Up north, though, she found that cruelty had followed her, though people hid it better, perhaps even from themselves. And she missed home. She’d tried to shake it off, to deny it, but it clung still. A cobweb caught in her hair. When she finally came back, just before her parents died, it felt like her lungs opening after years of holding her breath.
Sure, it was hard with the land values being jacked up, having to sell spare crab to save up to pay the property tax. But that was true everywhere here, now, and it was not nearly as bad as on the islands.

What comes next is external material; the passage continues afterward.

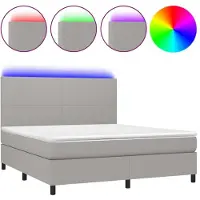 Syfax Boxspringbett mit Matratze & LED Hellgrau 180x200 cm Stoff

But there was nothing for it. It was cut into her heart, the marsh and the river; they wandered in her blood. The light of evening in the Spanish moss, the crepe myrtle’s smooth limbs and its tiny sprigs of white like lace. The clattering of shrimp in the river at low tide. All was beauty in the midst of decay.
Cee was home again. Her resentment hadn’t died, perhaps never would, but it was worn away now by time and water, and by the soul of this place itself. Worn to a dull ache. The grain of sand in a pearl.
She was home again, and home in this world meant taking the bad with the good, finding peace in the struggle.